One of my favorite stories about remembering is from Luke 24. After Jesus is raised from the dead, he walks alongside two disciples who are mourning his death–and it says they were “kept from recognizing him.” It is unclear why Jesus is unrecognizable. It is clear, though, that these disciples are grieved and convinced of Jesus’s failure. They spend the whole day with him and invite him over to break bread with them. Luke writes that Jesus “took bread, gave thanks, broke it and began to give it to them” (30). Then their eyes were opened, and they recognized him. Then poof–Jesus is gone. I always laugh when I think about the stunned disciples staring into empty space and asking each other, “You saw that too, right?”
I love the image of their eyes being opened as the bread was broken because that is exactly what Jesus said should happen whenever we take communion together. During the Last Supper, Jesus “took bread, gave thanks and broke it, and gave it to them, saying, “This is my body given for you; do this in remembrance of me” (Luke 22:19). Notice the similarities in even the sentence structure of Luke’s word in both stories. The story after Jesus has resurrected recalls this last supper, and it is during this recalling that the disciples do remember Jesus.
Every time we take bread in communion, we are accepting the call to remember the cross–to recognize Jesus as he was and as he is today.
We are not alone in our struggle to remember. We have the Holy Spirit.
In John 14:26, Jesus tells the Disciples: “But the Advocate, the Holy Spirit, whom the Father will send in my name, will teach you all things and will remind you of everything I have said to you.”
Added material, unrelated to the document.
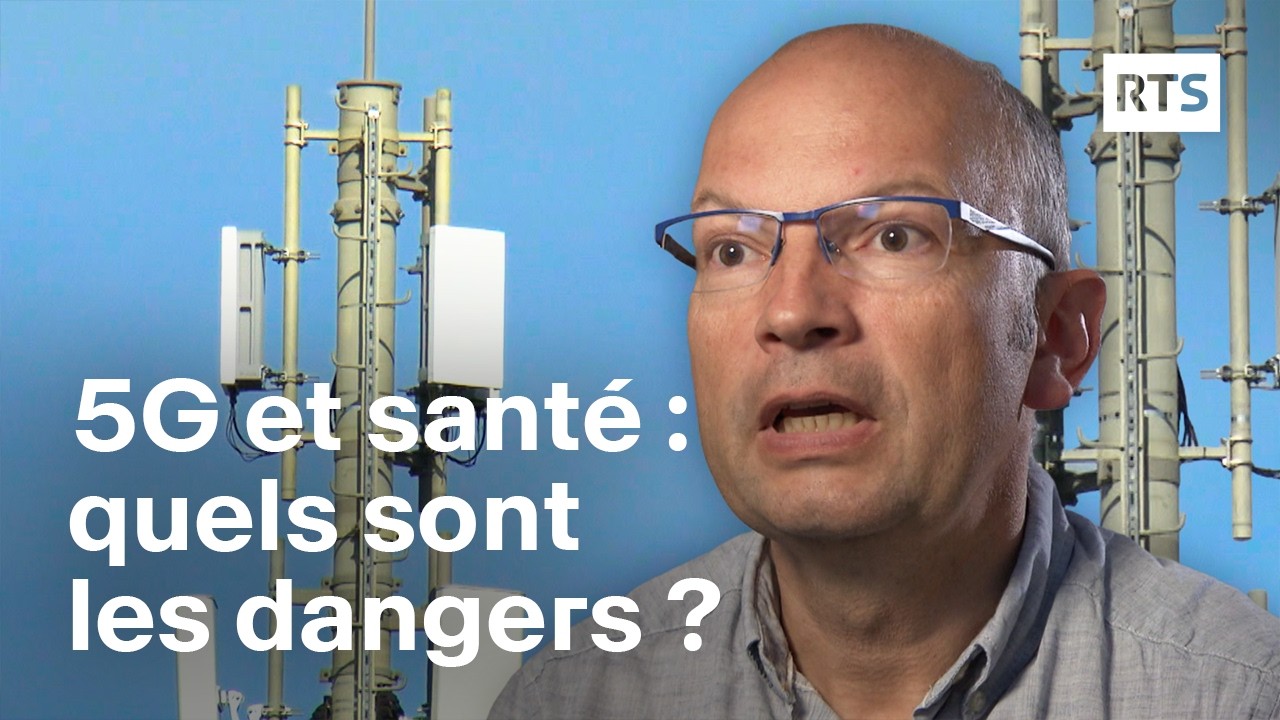 5G et santé : quels dangers ? Diffusion 18.09.2019 | RTS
Whenever I am forgetful, the Holy Spirit pulls me back into remembrance. But the Spirit usually doesn’t tell me things I don’t know. Jesus did promise that the Spirit would teach “all things.” But he also promised that it would “remind you of everything I have said to you.” For us to be reminded of what Jesus said, we must know what he said. We have to get in the Word and know what it says for us to be reminded of its truth. Sometimes, a passage in scripture will mean nothing to us until we recall it in a particular moment of need. That is why we say the Word is living and active (Hebrews 4:12).
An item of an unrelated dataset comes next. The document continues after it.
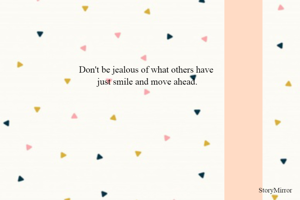 Don't be jealous of what others have 
just smile and move ahead.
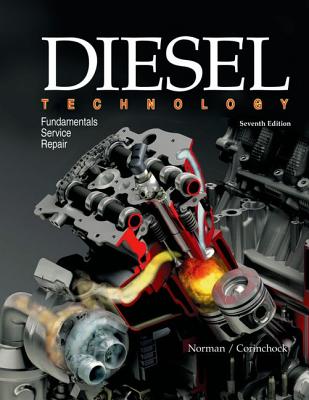 Diesel Technology: Fundamentals, Service, Repair - Norman, Andrew, Dr., and Corinchock, John "Drew"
For me, it is also necessary that others remind me of the truth, and that I remind them as well. Once, when I was having bad anxiety, Jon told me to go to the bedroom, lie down, and pray. In that moment, Jon knew that he alone was not capable of making me feel better. Instead, he directed me to God.
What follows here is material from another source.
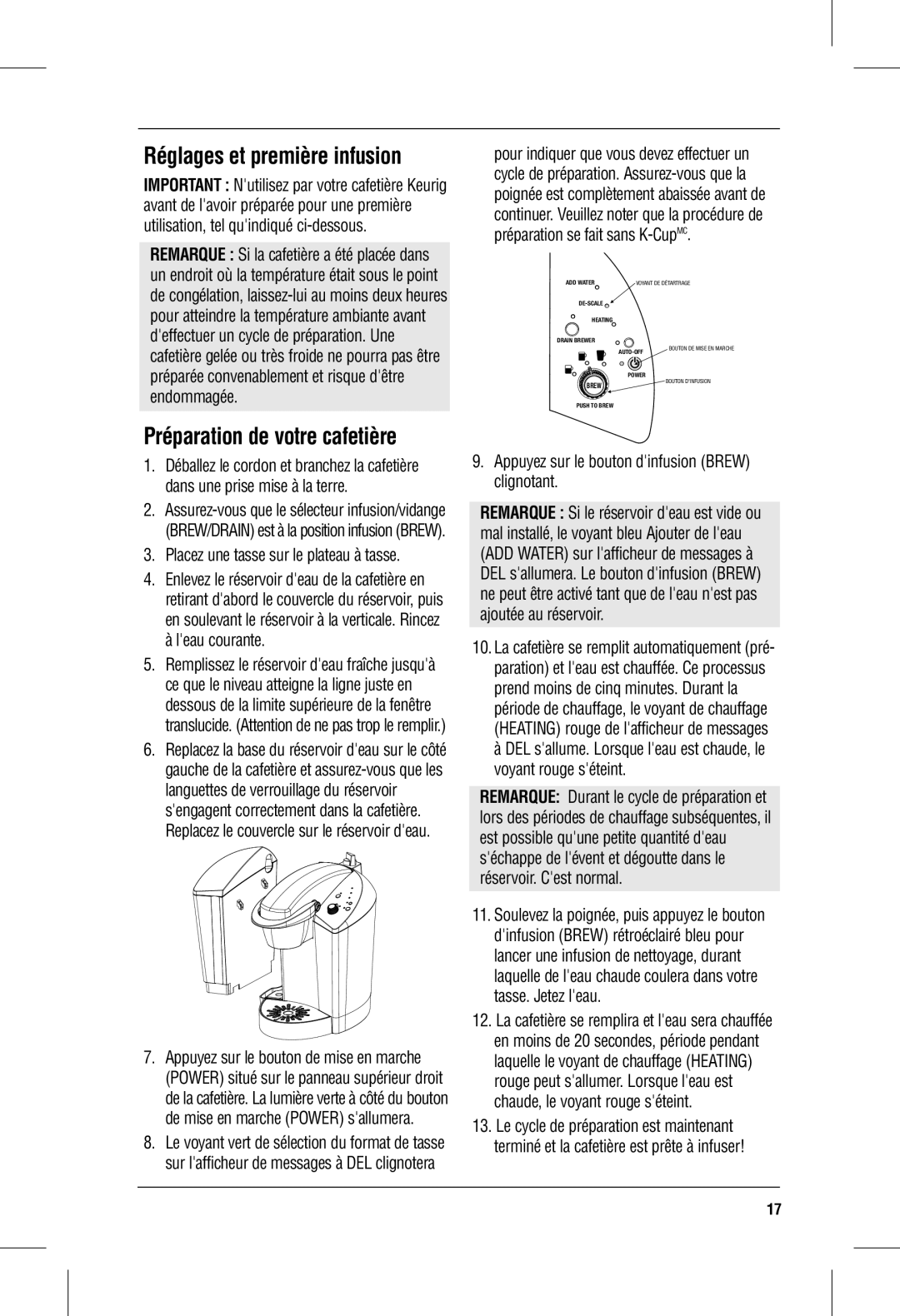 Keurig B140 manual Réglages et première infusion, Préparation de votre cafetière, Préparée convenablement et risque dêtre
This is why we go to Church every week, and why the service I go to offers communion every Sunday. We go to remember our salvation. We go to remind each other that they are loved by God. While we have the Spirit, we also have to do some work here. We have to actively pursue these truths like we pursue anything else that matters to us.
There is one more glorious truth that gives me rest (when I remember it).
God remember us.
As often as Scripture tells God’s wandering peoples to remember, it says that God remembered them. 1 Chronicles 16:14-16 is just one example: “He remember his covenant forever, / the promise he made, for a thousand generations, / the covenant he made with Abraham, / the oath he swore to Isaac.”
God’s covenant did not rely on the faithfulness of the people but on God’s faithfulness.
When we don’t remember God, God remembers us.